BBC Radio Five Live Discussion

November 2019

I took part in a one-hour discussion on BBC Radio 5 Live with Rachel Botsman from the Said Business School at the University of Oxford on the subject of ‘trust’.

The host was Nihal Arthanayake. It was a wide-ranging discussion about trust and its critical importance for people and society, how it can be repaired (if at all) when it breaks down, what makes a good apology and the fact that if you just say ‘you’re sorry’ on its own it has minimal effect on restoring trust.

We talked about whether today there is a ‘trust crisis’, and the implications of the decline in trust in institutions, like the banks, the church, and politics and politicians, especially in the age of Trump, when inconsistency and proven lies are commonplace. Inevitably, given the timing, we talked about the Prince Andrew interview.

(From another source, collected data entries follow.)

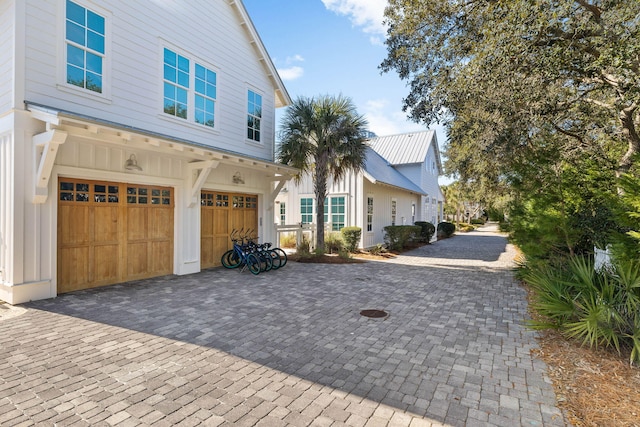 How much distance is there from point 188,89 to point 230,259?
5.20 metres

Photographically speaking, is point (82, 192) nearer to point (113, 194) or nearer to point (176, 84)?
point (113, 194)

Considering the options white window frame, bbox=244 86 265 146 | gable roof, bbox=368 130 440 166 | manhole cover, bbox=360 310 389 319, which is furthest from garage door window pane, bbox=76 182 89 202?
gable roof, bbox=368 130 440 166

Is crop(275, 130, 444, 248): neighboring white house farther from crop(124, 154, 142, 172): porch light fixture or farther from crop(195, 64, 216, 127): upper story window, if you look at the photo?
crop(124, 154, 142, 172): porch light fixture

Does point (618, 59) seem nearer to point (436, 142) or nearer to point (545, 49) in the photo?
point (545, 49)

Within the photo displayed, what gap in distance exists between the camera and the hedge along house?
238 inches

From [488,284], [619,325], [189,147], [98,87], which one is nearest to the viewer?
[619,325]

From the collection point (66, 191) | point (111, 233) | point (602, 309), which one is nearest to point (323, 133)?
point (111, 233)

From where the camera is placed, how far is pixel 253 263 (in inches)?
379

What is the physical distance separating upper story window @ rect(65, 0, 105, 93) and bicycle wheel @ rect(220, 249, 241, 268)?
5444mm

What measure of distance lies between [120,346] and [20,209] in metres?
3.75

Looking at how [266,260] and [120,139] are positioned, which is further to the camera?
[266,260]

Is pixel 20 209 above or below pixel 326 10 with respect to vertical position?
below

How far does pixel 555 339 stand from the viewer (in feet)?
15.6

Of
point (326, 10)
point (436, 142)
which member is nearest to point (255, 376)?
point (326, 10) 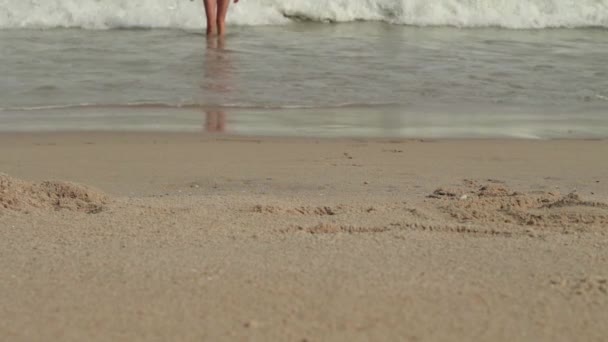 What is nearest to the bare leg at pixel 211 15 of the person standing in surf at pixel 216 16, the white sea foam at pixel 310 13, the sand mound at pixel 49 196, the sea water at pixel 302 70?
the person standing in surf at pixel 216 16

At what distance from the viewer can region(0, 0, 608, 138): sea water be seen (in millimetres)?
6680

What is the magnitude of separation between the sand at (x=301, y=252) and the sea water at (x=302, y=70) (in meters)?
1.42

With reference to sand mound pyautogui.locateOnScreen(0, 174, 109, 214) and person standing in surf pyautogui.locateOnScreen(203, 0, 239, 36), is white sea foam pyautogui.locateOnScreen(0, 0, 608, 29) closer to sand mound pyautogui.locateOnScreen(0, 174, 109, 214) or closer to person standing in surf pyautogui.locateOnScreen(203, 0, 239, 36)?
person standing in surf pyautogui.locateOnScreen(203, 0, 239, 36)

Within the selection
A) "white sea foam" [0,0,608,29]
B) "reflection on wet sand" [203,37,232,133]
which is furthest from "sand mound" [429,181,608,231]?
"white sea foam" [0,0,608,29]

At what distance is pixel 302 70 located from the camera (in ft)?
28.6

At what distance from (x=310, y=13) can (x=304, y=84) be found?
230 inches

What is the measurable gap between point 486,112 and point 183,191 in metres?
3.32

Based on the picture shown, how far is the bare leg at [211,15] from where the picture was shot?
1116cm

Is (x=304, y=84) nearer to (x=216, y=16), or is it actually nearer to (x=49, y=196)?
(x=216, y=16)

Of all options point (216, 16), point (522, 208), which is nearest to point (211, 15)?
point (216, 16)

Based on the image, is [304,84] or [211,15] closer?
[304,84]

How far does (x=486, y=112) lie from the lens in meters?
7.20

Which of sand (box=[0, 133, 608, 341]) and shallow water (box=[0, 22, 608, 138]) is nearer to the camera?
sand (box=[0, 133, 608, 341])

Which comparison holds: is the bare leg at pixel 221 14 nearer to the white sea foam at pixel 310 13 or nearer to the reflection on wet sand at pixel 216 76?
the reflection on wet sand at pixel 216 76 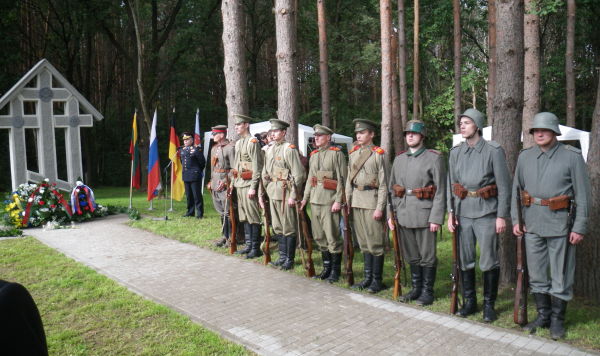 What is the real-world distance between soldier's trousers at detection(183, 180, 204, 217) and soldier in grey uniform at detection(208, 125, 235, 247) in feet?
8.05

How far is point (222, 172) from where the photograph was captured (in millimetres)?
9133

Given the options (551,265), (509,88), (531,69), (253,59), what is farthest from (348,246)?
(253,59)

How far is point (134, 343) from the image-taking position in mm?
4387

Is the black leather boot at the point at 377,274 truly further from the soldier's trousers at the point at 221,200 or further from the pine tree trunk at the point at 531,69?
the pine tree trunk at the point at 531,69

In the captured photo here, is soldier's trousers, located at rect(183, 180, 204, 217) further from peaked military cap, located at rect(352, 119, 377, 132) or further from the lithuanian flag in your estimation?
peaked military cap, located at rect(352, 119, 377, 132)

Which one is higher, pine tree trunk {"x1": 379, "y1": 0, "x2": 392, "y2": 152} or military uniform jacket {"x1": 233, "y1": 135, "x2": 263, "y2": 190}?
pine tree trunk {"x1": 379, "y1": 0, "x2": 392, "y2": 152}

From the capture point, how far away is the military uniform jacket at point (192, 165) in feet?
38.8

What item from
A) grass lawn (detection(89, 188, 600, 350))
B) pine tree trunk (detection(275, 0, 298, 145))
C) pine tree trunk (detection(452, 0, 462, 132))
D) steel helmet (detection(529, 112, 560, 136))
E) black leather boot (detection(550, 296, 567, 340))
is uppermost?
pine tree trunk (detection(452, 0, 462, 132))

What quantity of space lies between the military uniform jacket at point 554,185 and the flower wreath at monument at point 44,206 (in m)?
9.72

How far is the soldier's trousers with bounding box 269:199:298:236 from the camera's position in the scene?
267 inches

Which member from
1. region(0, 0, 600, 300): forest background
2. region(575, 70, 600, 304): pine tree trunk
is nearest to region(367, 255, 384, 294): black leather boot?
region(575, 70, 600, 304): pine tree trunk

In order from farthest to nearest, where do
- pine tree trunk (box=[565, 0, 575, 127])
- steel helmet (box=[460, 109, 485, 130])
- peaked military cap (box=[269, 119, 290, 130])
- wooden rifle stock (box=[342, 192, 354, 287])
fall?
pine tree trunk (box=[565, 0, 575, 127]) → peaked military cap (box=[269, 119, 290, 130]) → wooden rifle stock (box=[342, 192, 354, 287]) → steel helmet (box=[460, 109, 485, 130])

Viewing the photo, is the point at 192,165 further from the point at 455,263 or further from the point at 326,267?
the point at 455,263

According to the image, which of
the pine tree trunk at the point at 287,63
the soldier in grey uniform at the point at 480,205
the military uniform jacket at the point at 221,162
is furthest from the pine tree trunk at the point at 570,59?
the soldier in grey uniform at the point at 480,205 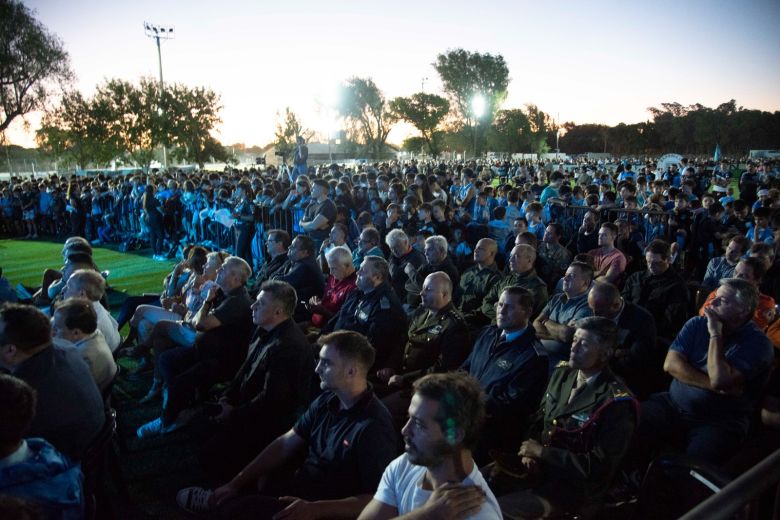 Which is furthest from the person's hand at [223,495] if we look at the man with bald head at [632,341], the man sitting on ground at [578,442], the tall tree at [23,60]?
the tall tree at [23,60]

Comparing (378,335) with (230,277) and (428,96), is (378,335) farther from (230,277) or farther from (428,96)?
(428,96)

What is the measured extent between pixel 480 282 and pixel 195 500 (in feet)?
12.6

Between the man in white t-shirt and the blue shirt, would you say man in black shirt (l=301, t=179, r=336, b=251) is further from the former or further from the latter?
the man in white t-shirt

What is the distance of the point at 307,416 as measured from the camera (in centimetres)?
307

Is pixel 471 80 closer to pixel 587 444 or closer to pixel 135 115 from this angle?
pixel 135 115

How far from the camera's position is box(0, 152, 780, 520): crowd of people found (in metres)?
2.52

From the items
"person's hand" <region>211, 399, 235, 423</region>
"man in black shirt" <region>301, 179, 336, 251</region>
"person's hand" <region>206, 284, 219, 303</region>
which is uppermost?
"man in black shirt" <region>301, 179, 336, 251</region>

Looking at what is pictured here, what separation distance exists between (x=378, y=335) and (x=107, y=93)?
34.2 meters

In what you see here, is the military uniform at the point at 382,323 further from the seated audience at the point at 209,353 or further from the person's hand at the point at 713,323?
the person's hand at the point at 713,323

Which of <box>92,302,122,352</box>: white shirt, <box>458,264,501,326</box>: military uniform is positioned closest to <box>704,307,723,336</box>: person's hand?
<box>458,264,501,326</box>: military uniform

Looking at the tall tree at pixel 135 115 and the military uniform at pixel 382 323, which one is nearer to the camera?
the military uniform at pixel 382 323

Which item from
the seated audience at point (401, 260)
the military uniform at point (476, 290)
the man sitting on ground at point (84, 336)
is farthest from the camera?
the seated audience at point (401, 260)

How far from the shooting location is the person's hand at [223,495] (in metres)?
2.93

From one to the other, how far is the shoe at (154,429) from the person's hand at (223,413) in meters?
0.86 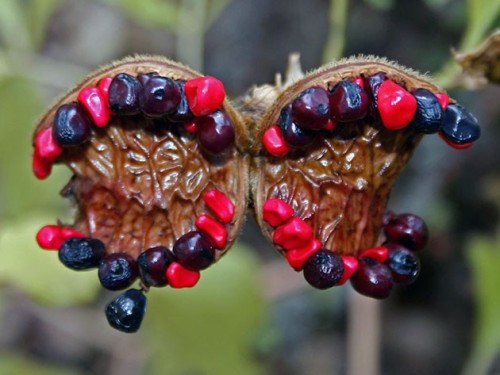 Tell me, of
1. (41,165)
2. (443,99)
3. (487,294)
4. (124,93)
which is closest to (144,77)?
(124,93)

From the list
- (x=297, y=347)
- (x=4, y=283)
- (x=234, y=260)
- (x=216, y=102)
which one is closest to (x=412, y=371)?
(x=297, y=347)

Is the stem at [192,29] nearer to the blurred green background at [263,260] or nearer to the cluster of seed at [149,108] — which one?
the blurred green background at [263,260]

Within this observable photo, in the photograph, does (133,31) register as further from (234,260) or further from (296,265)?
(296,265)

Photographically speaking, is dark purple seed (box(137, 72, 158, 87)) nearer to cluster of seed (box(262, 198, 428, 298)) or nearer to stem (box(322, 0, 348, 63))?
cluster of seed (box(262, 198, 428, 298))

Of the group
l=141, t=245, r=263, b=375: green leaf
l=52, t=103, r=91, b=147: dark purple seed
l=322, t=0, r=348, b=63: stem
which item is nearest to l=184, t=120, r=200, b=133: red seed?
l=52, t=103, r=91, b=147: dark purple seed

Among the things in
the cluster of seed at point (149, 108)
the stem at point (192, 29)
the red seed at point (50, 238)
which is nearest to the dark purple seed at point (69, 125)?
the cluster of seed at point (149, 108)

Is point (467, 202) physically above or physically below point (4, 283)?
above

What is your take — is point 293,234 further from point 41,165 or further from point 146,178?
point 41,165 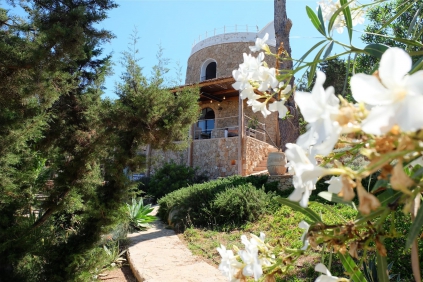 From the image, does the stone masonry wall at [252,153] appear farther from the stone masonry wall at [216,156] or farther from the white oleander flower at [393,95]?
the white oleander flower at [393,95]

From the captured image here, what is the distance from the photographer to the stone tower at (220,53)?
14.4 metres

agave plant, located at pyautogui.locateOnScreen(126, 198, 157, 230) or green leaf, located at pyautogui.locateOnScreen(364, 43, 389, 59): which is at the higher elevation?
green leaf, located at pyautogui.locateOnScreen(364, 43, 389, 59)

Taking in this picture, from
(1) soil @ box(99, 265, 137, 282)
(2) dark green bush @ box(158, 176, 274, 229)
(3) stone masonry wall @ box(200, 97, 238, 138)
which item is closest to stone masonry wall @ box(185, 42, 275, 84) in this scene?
(3) stone masonry wall @ box(200, 97, 238, 138)

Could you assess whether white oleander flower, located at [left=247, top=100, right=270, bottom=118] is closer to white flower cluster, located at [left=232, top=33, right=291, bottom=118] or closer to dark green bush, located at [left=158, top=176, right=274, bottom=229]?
white flower cluster, located at [left=232, top=33, right=291, bottom=118]

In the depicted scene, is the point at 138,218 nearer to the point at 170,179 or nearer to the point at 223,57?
the point at 170,179

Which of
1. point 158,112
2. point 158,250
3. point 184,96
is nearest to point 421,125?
point 158,112

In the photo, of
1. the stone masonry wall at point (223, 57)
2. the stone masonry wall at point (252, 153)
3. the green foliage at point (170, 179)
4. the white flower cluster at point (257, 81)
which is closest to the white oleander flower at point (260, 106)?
the white flower cluster at point (257, 81)

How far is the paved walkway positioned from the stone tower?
372 inches

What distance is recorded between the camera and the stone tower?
14.4 m

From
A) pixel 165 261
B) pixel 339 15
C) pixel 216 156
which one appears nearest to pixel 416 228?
pixel 339 15

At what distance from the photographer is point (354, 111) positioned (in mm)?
331

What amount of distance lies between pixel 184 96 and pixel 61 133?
5.09 ft

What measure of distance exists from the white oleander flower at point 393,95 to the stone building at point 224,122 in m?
8.28

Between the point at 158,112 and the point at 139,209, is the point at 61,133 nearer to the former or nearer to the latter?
the point at 158,112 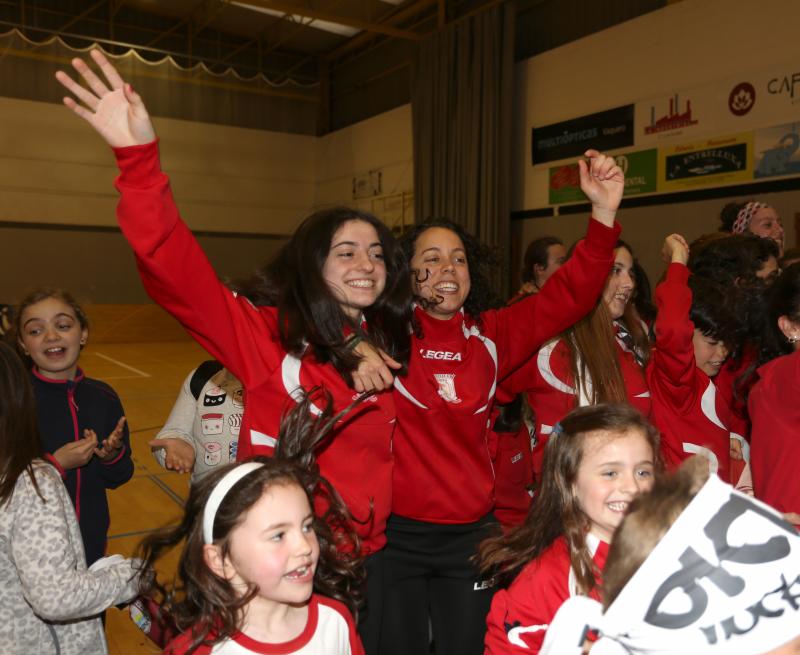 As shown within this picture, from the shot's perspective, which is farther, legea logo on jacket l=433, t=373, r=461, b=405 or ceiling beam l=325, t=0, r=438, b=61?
ceiling beam l=325, t=0, r=438, b=61

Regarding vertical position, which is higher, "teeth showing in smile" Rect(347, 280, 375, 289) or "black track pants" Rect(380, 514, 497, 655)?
"teeth showing in smile" Rect(347, 280, 375, 289)

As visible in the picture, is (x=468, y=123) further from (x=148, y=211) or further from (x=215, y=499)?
(x=215, y=499)

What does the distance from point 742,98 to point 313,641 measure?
27.5ft

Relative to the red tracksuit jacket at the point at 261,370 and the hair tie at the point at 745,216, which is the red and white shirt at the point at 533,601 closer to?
the red tracksuit jacket at the point at 261,370

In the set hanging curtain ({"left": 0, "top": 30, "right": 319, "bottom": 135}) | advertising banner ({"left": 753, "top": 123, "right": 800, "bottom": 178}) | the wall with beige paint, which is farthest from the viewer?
hanging curtain ({"left": 0, "top": 30, "right": 319, "bottom": 135})

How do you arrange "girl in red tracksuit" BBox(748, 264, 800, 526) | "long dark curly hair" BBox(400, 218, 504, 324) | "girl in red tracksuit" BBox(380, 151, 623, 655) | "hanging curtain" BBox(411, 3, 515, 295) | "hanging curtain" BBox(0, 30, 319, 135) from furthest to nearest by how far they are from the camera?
"hanging curtain" BBox(0, 30, 319, 135) < "hanging curtain" BBox(411, 3, 515, 295) < "long dark curly hair" BBox(400, 218, 504, 324) < "girl in red tracksuit" BBox(380, 151, 623, 655) < "girl in red tracksuit" BBox(748, 264, 800, 526)

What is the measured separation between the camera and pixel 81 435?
258 cm

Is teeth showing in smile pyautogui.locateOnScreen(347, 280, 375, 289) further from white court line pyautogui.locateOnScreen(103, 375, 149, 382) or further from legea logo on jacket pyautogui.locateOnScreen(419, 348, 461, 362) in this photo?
white court line pyautogui.locateOnScreen(103, 375, 149, 382)

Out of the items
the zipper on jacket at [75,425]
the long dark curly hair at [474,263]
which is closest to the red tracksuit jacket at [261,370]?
the long dark curly hair at [474,263]

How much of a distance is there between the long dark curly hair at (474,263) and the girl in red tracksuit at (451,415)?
11 mm

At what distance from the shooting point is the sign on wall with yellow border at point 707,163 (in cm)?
805

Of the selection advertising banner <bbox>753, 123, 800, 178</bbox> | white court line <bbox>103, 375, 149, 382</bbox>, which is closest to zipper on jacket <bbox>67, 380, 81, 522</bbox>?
advertising banner <bbox>753, 123, 800, 178</bbox>

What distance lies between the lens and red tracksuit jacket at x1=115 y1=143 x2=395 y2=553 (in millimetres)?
1562

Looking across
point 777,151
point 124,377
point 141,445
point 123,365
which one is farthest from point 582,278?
point 123,365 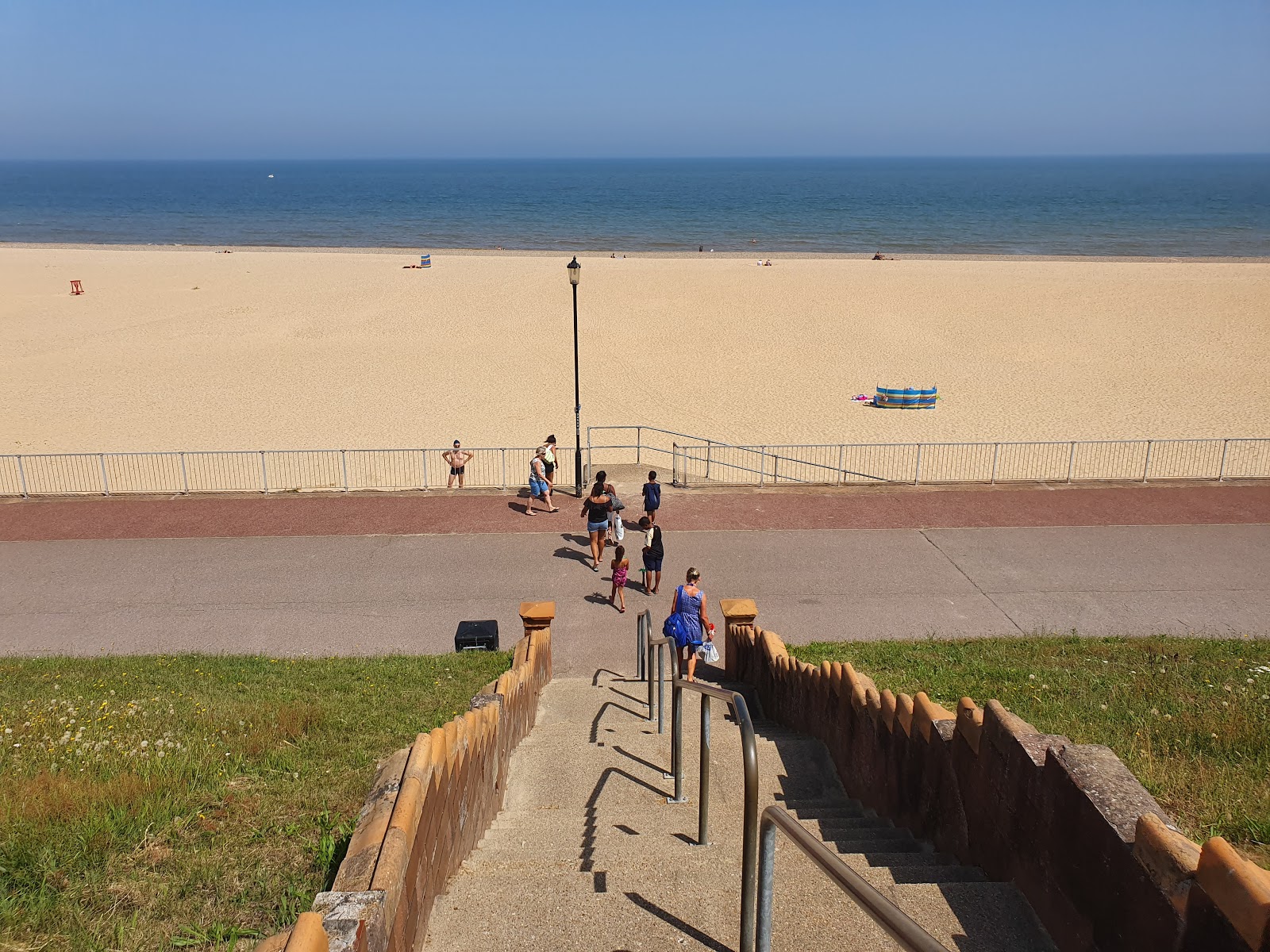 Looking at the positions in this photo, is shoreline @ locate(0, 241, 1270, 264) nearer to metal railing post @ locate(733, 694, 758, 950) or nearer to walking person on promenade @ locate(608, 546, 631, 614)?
walking person on promenade @ locate(608, 546, 631, 614)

Critical to restoring trust is displaying empathy with the other person, and none of this was shown in this interview. Instead, we had evasive, distancing answers, and a series of attempted acts of positive social self-construction, with him as a thoroughly honourable person. Plus, of course, desperate attempts to control his body language seemingly contradicted by those behaviours over which we have least control, eye blinks as a sign of anxiety, hesitations as a sign of cognitive planning, foot movements etc.

We call it ‘nonverbal leakage’ for a reason. There was, of course, something of a national consensus on how all of this affected perception and trust in this particular case.